How many digital are in the repeating cycle of 17/27
To determine the length of the repeating cycle of a fraction in decimal form, we can perform long division.
When we divide 17 by 27, the remainder after the first division is 17. We then multiply the remainder by 10 and continue the process.
```
0.6296296296296296
---------
27| 17.000000000000000
- 16
----------
10.000000000000000
- 9
---------------
100.000000000000000
- 81
---------------
190.000000000000000
- 189
---------------
1000.000000000000000
- 972
---------------
280.000000000000000
- 270
---------------
1000.000000000000000
- 972
---------------
280.000000000000000
- 270
---------------
100
```
We can observe a repeating cycle starting after the first few digits (17). The cycle in this case is 627 with a length of 3 digits. Therefore, the repeating cycle of 17/27 in decimal form has a length of 3 digits.
To find the repeating cycle of the decimal representation of a fraction, you need to perform long division. Let's calculate the decimal representation of 17/27 step by step:
1. Divide 17 by 27:
- The quotient is 0.
- Write down a decimal point: 0.
2. Multiply the quotient (0) by 27 to get the next dividend:
- 0 * 27 = 0.
3. Bring down the next digit from the numerator (17):
- 0 remainder 17.
4. Divide 17 by 27:
- The quotient is 0.
- Write down the next digit after the decimal point: 00.
5. Multiply the quotient (00) by 27 to get the next dividend:
- 0 * 27 = 0.
6. Bring down the next digit from the numerator (17):
- 0 remainder 17.
7. Divide 17 by 27:
- The quotient is 0.
- Write down the next digit after the decimal point: 000.

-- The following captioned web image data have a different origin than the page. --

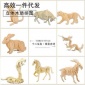 厂家新款十二生肖立体木制插拼图玩具儿童益智3D木质拼图玩具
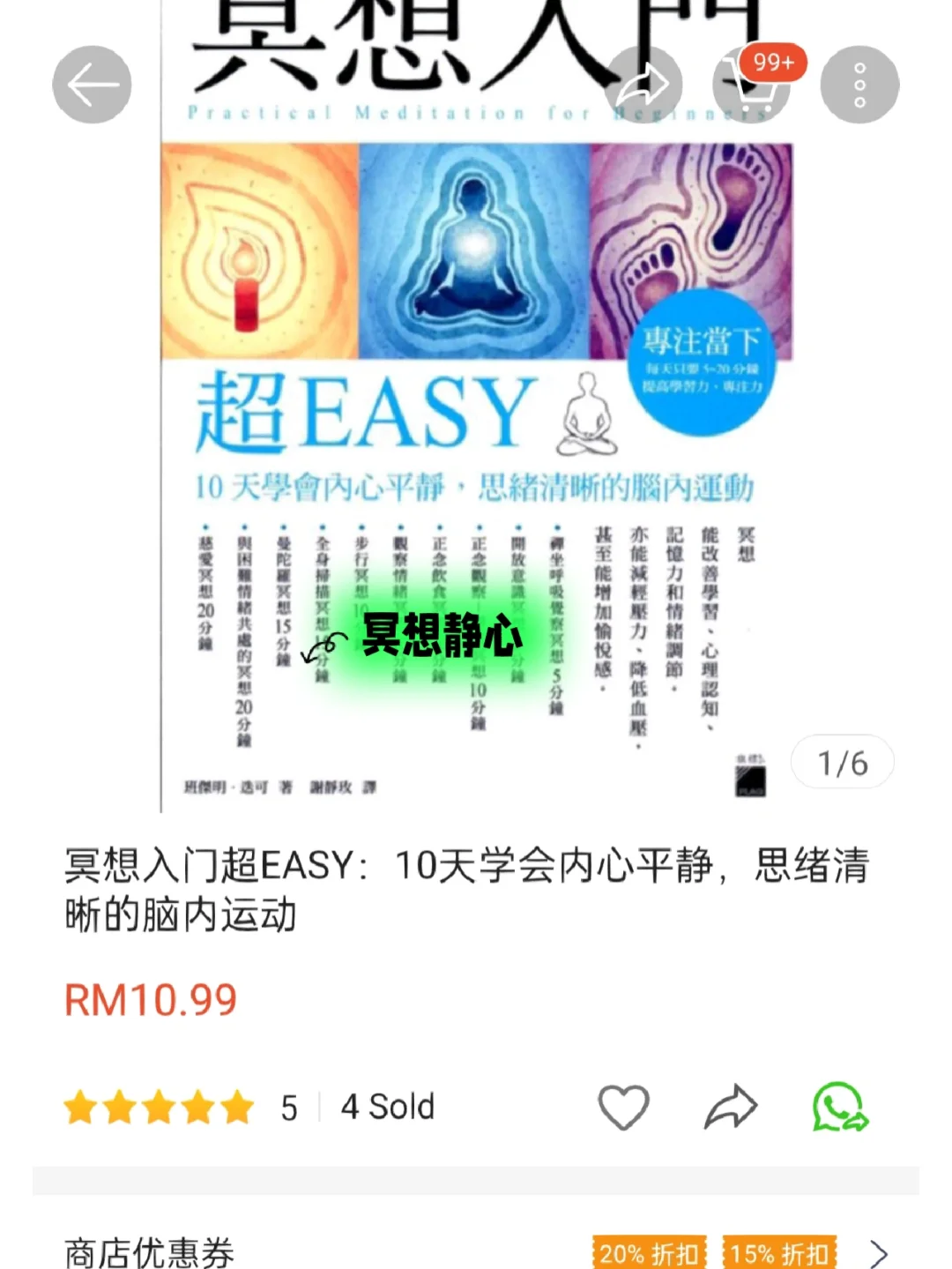 🦐可以买到的灵性成长电子书 | 宝藏店铺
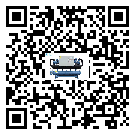 云浮市工業(yè)螺桿式冷水機(jī)運(yùn)行時(shí)的四大程序(2)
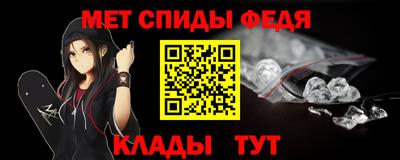 меф VHQ Обь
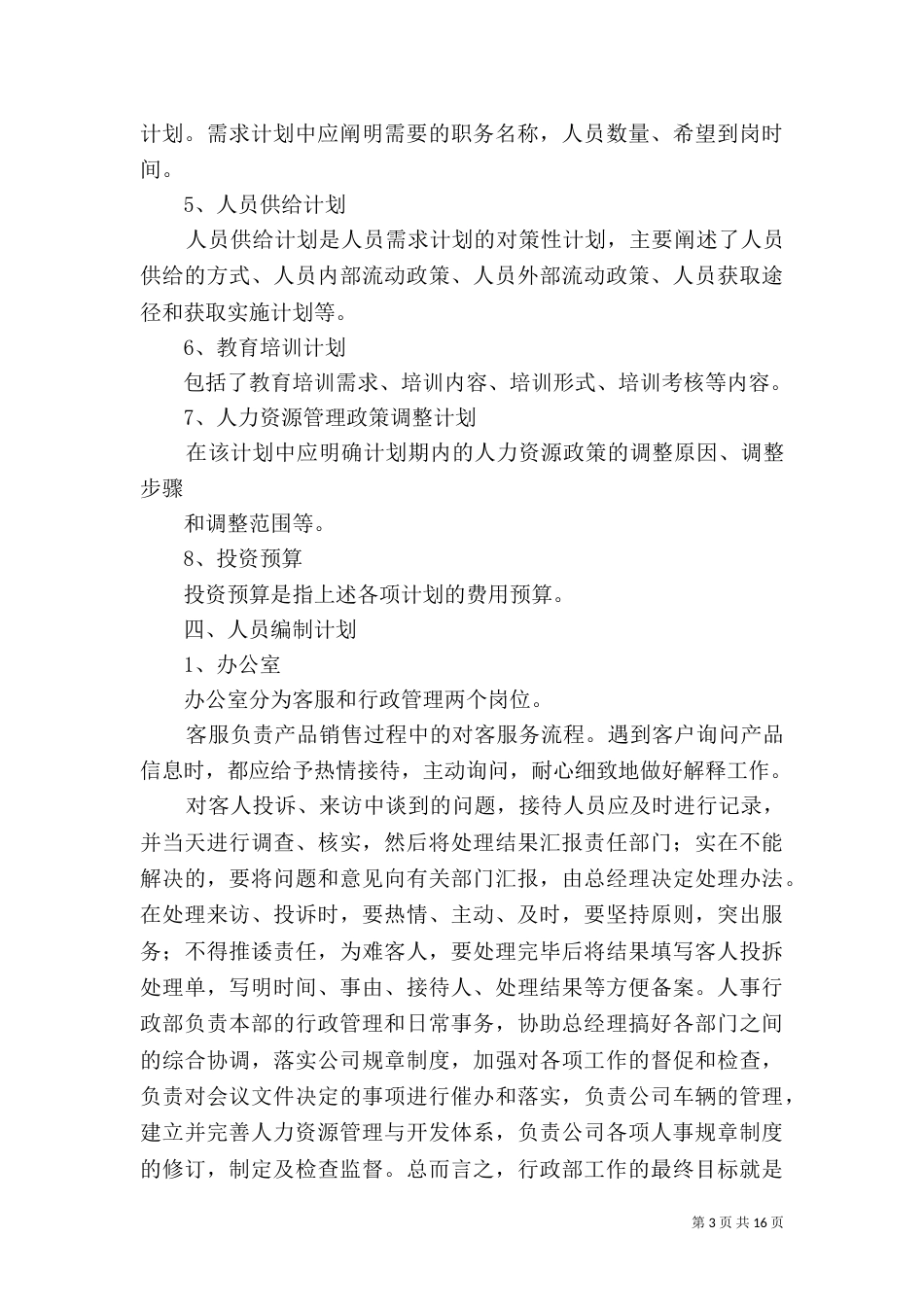 人力资源规划方案（一）_第3页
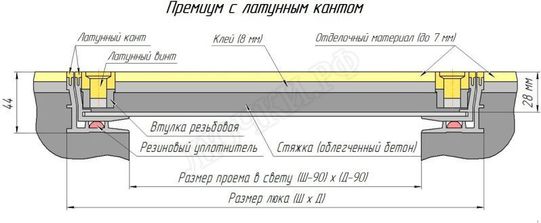 Напольный люк Премиум 44 мм с латунным кантом 1 створка Напольный люк Премиум 44 мм с латунным кантом 1 створка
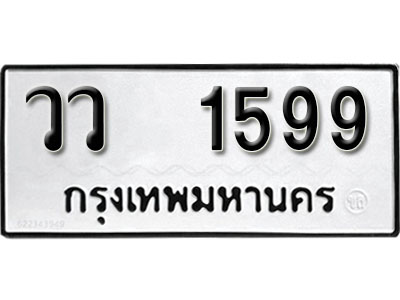 ทะเบียนรถ 1599 ทะเบียนมงคล – วว 1599 พร้อมส่งมอบ-ในราคาพิเศษ ผลรวมดี 36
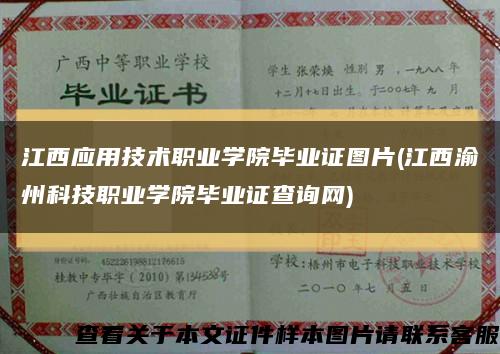 江西应用技术职业学院毕业证图片(江西渝州科技职业学院毕业证查询网)缩略图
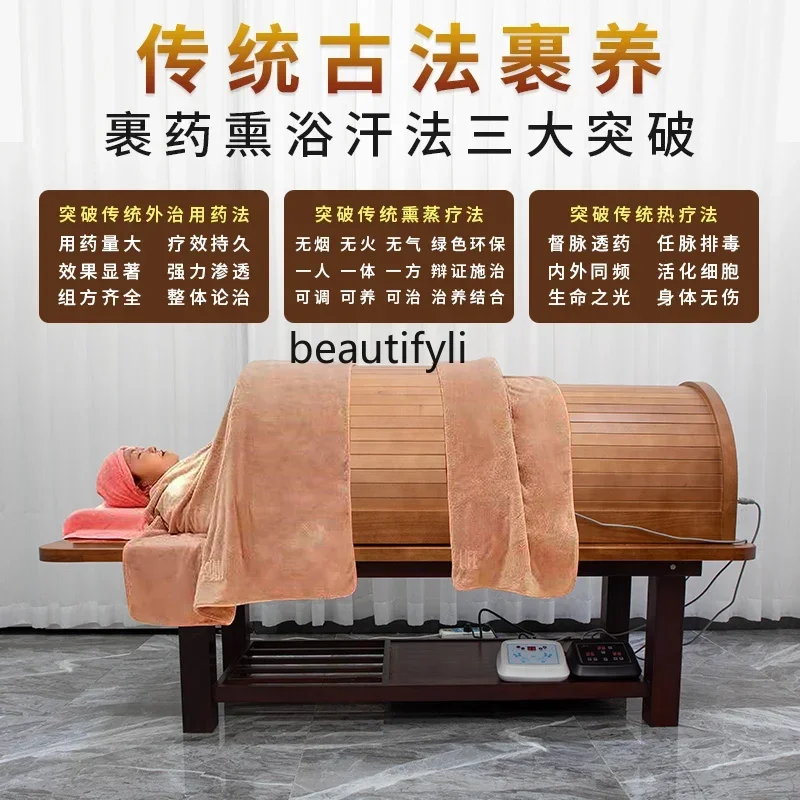 Кровать для прижигания салон красоты специальная кровать фумигации прижигание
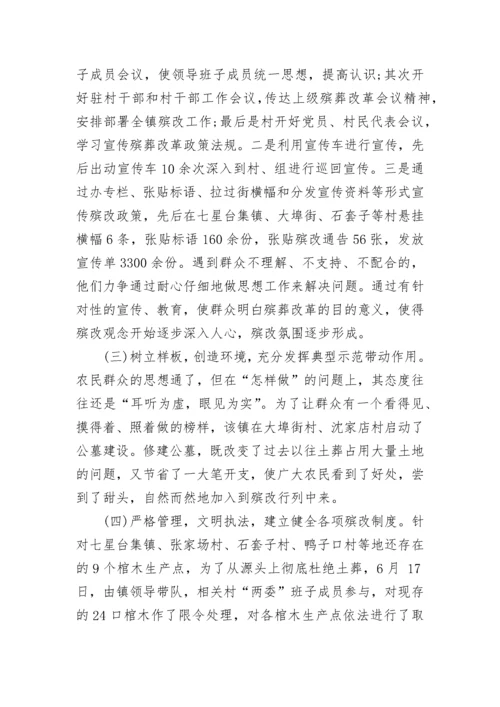 殡葬调研报告.docx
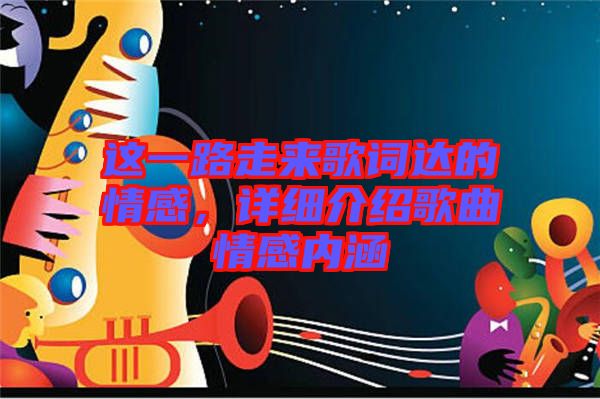 這一路走來歌詞達(dá)的情感，詳細(xì)介紹歌曲情感內(nèi)涵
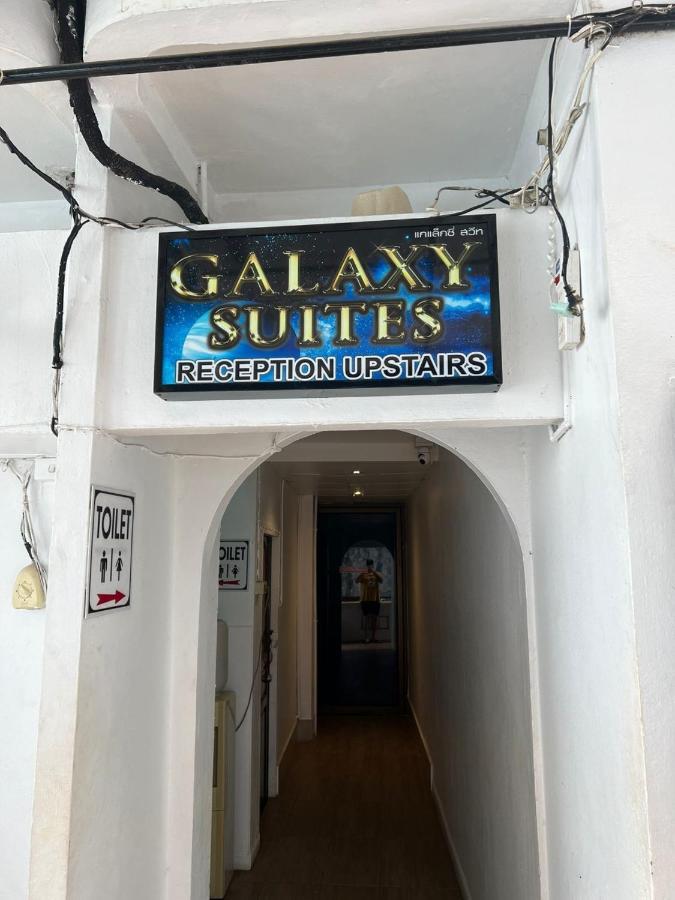 Galaxy Suites باتايا المظهر الخارجي الصورة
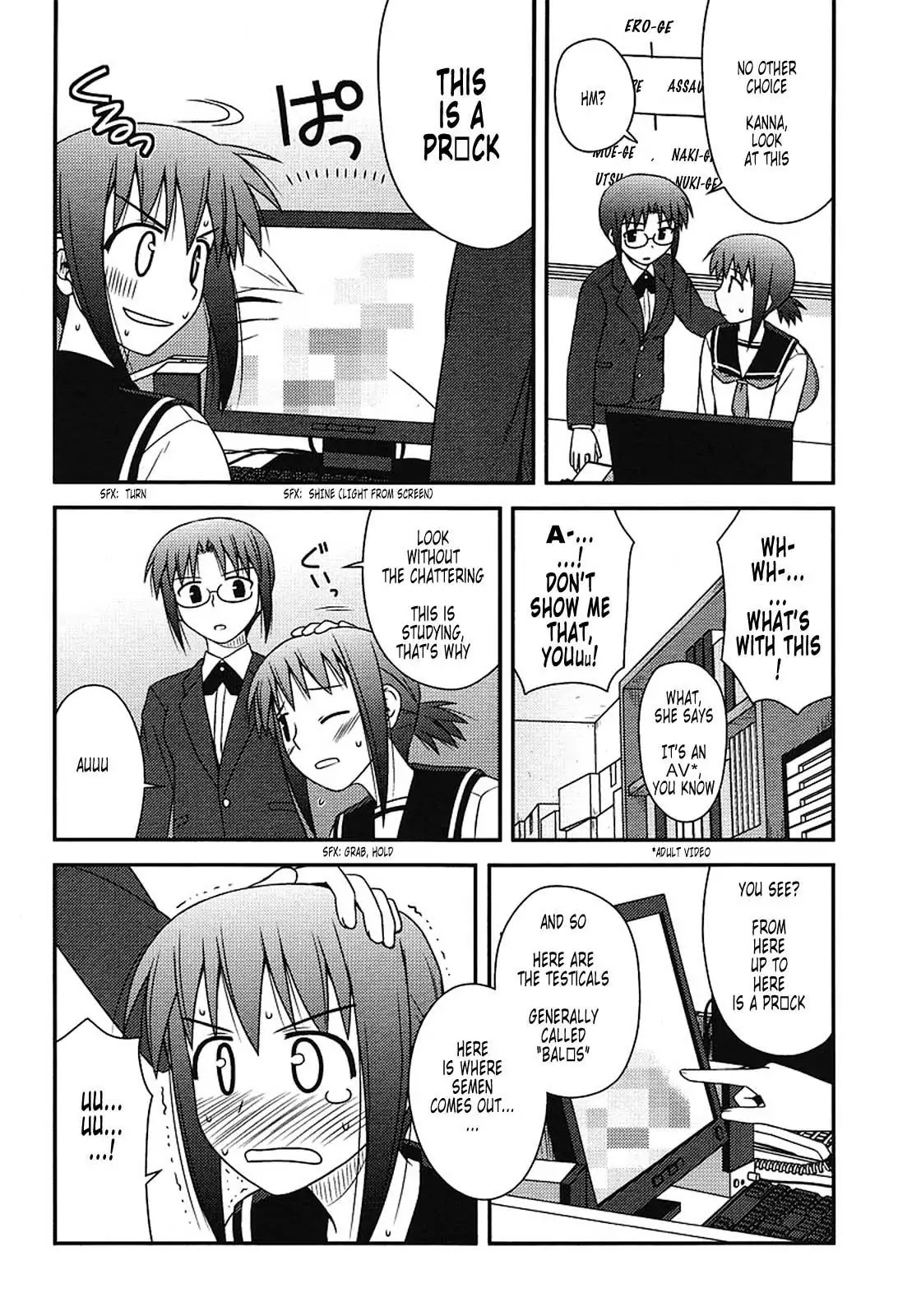 Koe de Oshigoto! Chapter 3 - Page 18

8. Multiply the quotient (000) by 27 to get the next dividend:
- 0 * 27 = 0.
9. Bring down the next digit from the numerator (17):
- 0 remainder 17.
This process repeats indefinitely, with the remainder always being 17. Therefore, the repeating cycle of the decimal representation for 17/27 is 0.629629... where the digit 629 repeats.
To determine the number of digits in the repeating cycle of a fraction, you need to perform long division. Here's how you can do it for the fraction 17/27:
1. Begin by dividing 17 by 27 using long division:
0.6296296...
------------
27 | 17.0000000
2. The first division result is 0.62 (rounded to two decimal places).
3. Subtract the product of the division result (0.62) and the divisor (27) from the dividend (17) to get the remainder:
0.6296296...
------------
27 | 17.0000000
-16.83
------
321
4. Bring down a 0 from the decimal part to continue the division:
0.6296296...
------------
27 | 17.0000000
-16.83
------
3210
5. Divide 3210 by 27:
0.6296296...
------------
27 | 17.0000000
-16.83
------
3210
-2700
------
510
6. The next division result is 0.62 (rounded to two decimal places).
7. Repeat steps 4-6 to continue the division until the pattern repeats.
8. As you can see, the division pattern of 17/27 is 0.6296296... where 629 repeats. Therefore, there are three digits in the repeating cycle: 6, 2, and 9.